Biden announced the framework in Tokyo on May 23, during his first trip to Asia since taking office, saying the participating states would write new economic rules to “help all of our countries’ economies grow faster and fairer.” (The White House subsequently confirmed that a fourteenth country, Fiji, would also join.) Yet, speaking for skeptics, David Adelman, the former U.S. ambassador to Singapore under President Barack Obama, said there’s “no teeth” to the new effort—and a lot remains uncertain, not least in the region, about the specific commitments and outcomes the IPEF will produce over the coming months and years. What can we understand about it now?

Wendy Cutler is the vice-president of the Asia Society Policy Institute and a former a diplomat and negotiator in the Office of the U.S. Trade Representative, where she was a senior negotiator on the Trans-Pacific Partnership, the abandoned trade deal negotiated by the Obama administration. Cutler sees a wide range of possibilities for this new endeavor at the outset; it could coalesce into a large, meaningful initiative or splinter into smaller efforts of lesser significance. In her telling, part of the uncertainty comes not just from a current lack of details about the IPEF—to be worked out over a lengthy period of negotiation—but from questions about who will shape those details and whether the U.S., with its polarized domestic politics, will even remain committed to the framework. Cutler says the United States will have a special challenge on its hands, holding together such an unconventional foreign policy while navigating the likelihood of intensified Chinese economic engagement in Indo-Pacific Asia.


Graham Vyse: What’s been driving the U.S. to create the IPEF?
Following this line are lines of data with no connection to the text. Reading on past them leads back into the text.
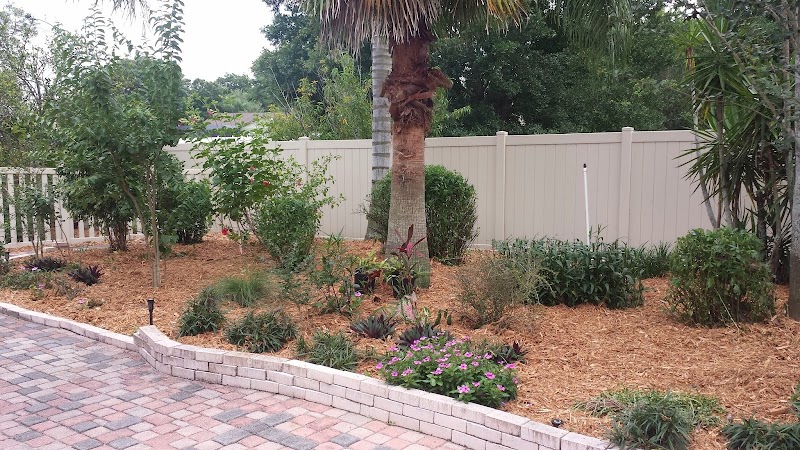 Photo of Gus's Lawn Care Inc.
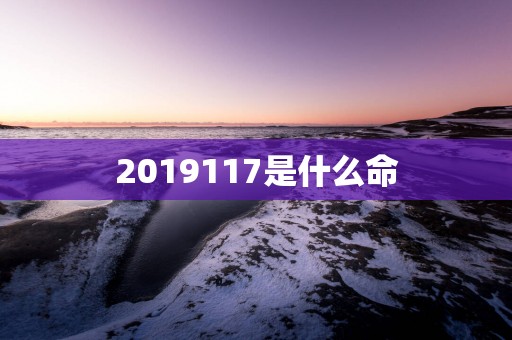 2019117是什么命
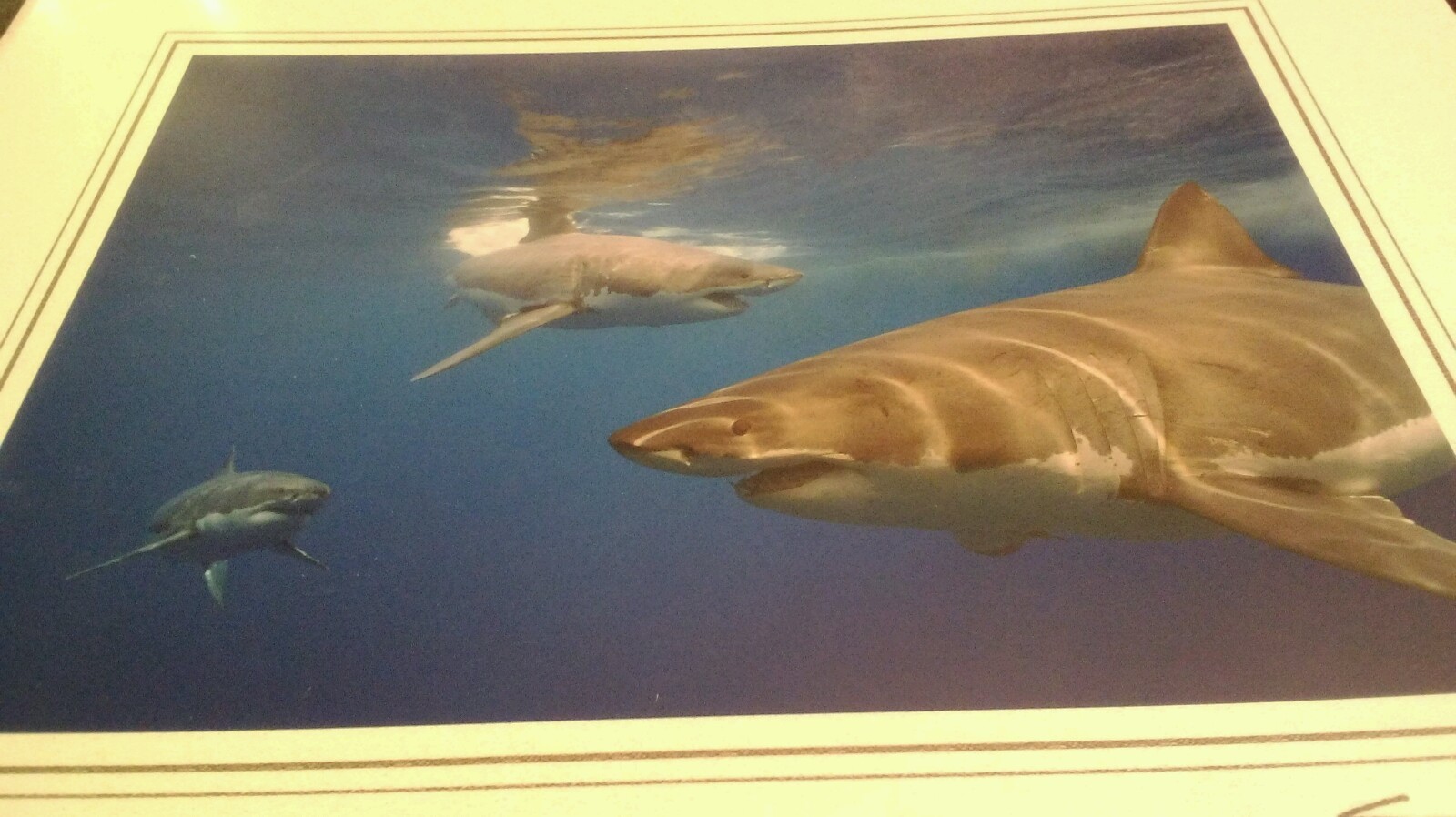 Great White Shark 3 Animal Photo Print 8×10 New Matted Wall Art HQ Gift Sealed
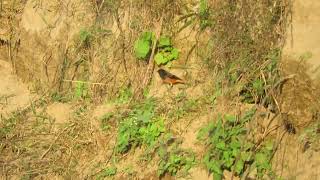 MVI 0091 Yellowbreasted Greenfinches foraging Dehradun Rajaji Chilla range 171124 eve [upl. by Alik940]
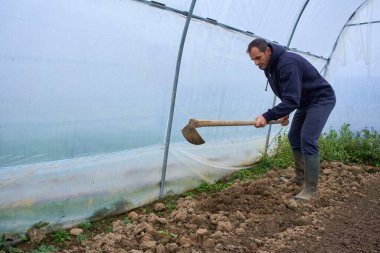 Orta yaşlı bir adam kırsal alandaki plastik çoklu tünel serasında toprak çapalıyor.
Wendy Cutler: The Biden administration wanted to focus on the Indo-Pacific region early on. It’s a dynamic, growing region, where a lot of innovation is happening. But as the administration was stepping up its engagement there, its partners were saying, You’re doing a lot on the security front, but your approach to economics is weak. Many of America’s trading partners would prefer that the U.S. return to the TPP, but the Biden administration isn’t interested in that, so the administration developed something new.